Third Circuit Holds that the Reasonable Expectations Doctrine Does Not Trump an Interrelated Wrongful Acts Provision in a D&O Policy

A recent decision from the Third Circuit has some rather interesting things to say about the reasonable expectations standard of policy interpretation. In G-I Holdings, Inc. v. Reliance Insurance Co., 586 F.3d 247 (3rd Cir. 2009), the Court rejected a rather novel invocation of the reasonable expectations doctrine as a means to circumvent the interrelated wrongful acts provision in a D&O policy (unfortunately we cannot provide page citations in this post because there is no pagination in the Westlaw publication of the decision).

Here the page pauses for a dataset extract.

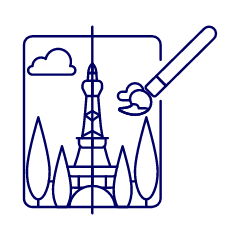 Paint Edition Illustration from UX Line Set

The decision arises in a rather unusual context. In February 2000, G-I Holdings purchased from Reliance a D&O policy covering claims made against G-I’s directors and officers between July 1, 1999 and July 1, 2002. The coverage limit was $15 million. The policy included an interrelated wrongful acts provision, which stated that the filing date of all suits arising from the same wrongful act would be the date on which the first suit was filed. G-I paid a premium of $185,000.

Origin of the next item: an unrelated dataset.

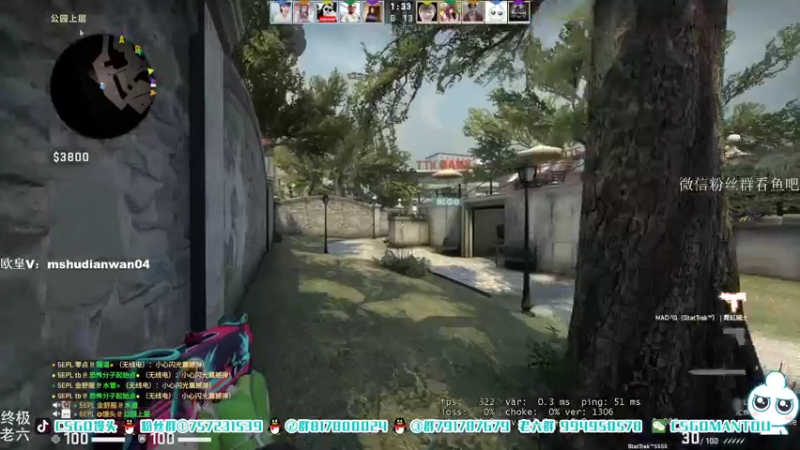 【2021-08-03 20点场】CSGO馒头：继续上班咯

Shortly after the policy was issued, Reliance encountered financial difficulties. In the summer and fall of 2000, Hartford Fire Insurance Company (“Hartford”), pursuant to an Asset Purchase Agreement and Claims Servicing Agreements, became a reinsurer of Reliance and claims administrator of certain Reliance policies.

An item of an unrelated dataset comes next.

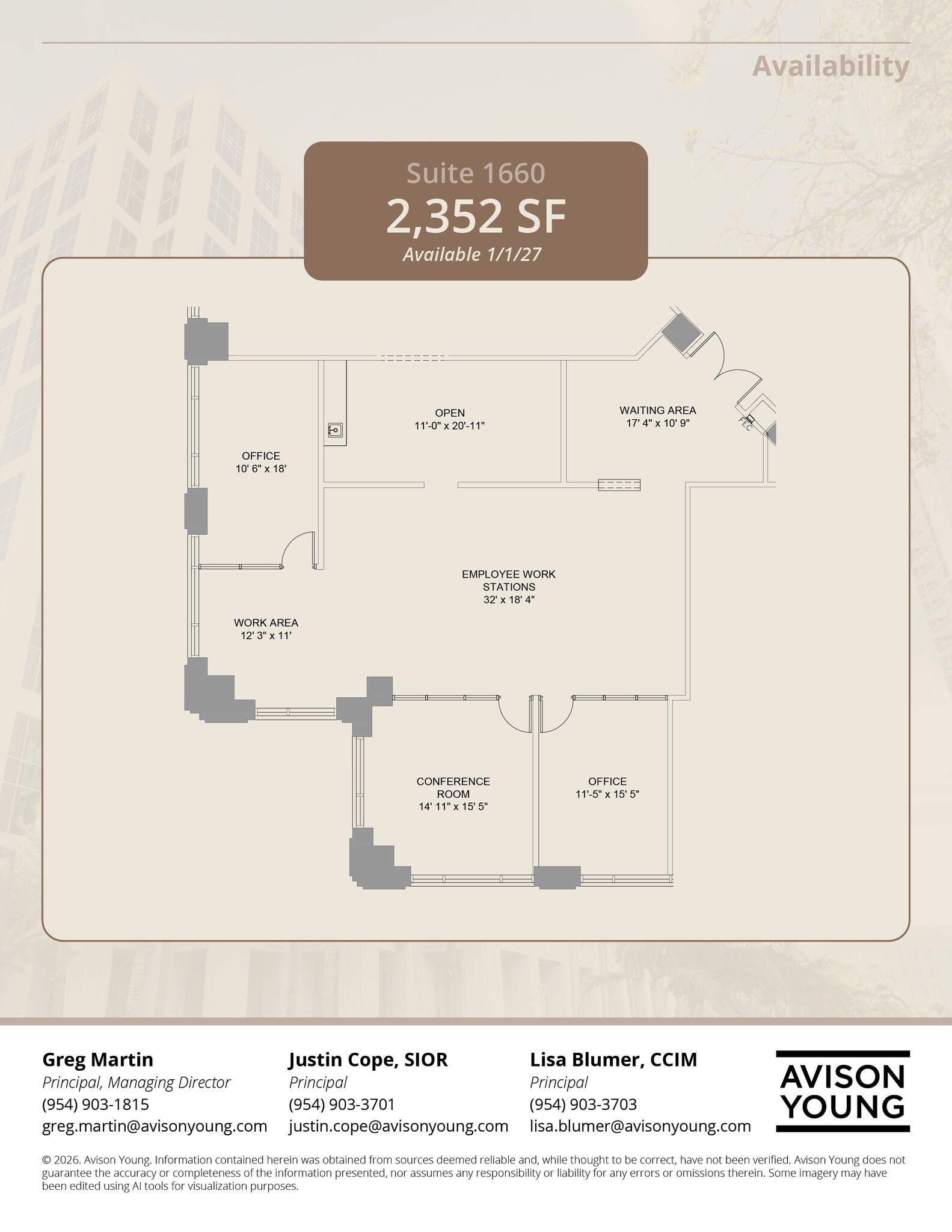 200 E Las Olas Blvd, Fort Lauderdale, FL à louer Plan d’étage– Image 1 sur 1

In July 2000, after Reliance’s rating fell below the minimum financial guidelines for insurers set by G-I’s insurance broker, Marsh & McLennan Companies, G-I’s risk manager (Robert Flugger) instructed Marsh to arrange for G-I to acquire a director’s and officer’s insurance policy from Hartford. In response, Reliance and Hartford then split the policy period of the Reliance policy. Reliance changed the coverage determination date of its policy to July 15, 2000 from July 1, 2002, and Hartford issued G-I an identical policy with a period of July 15, 2000 to July 1, 2002. By an endorsement to its policy, Hartford limited the sum of coverage under its policy and the amended Reliance policy to $15 million. Hartford received from Reliance $153,935.18 of the premium originally paid by G-I.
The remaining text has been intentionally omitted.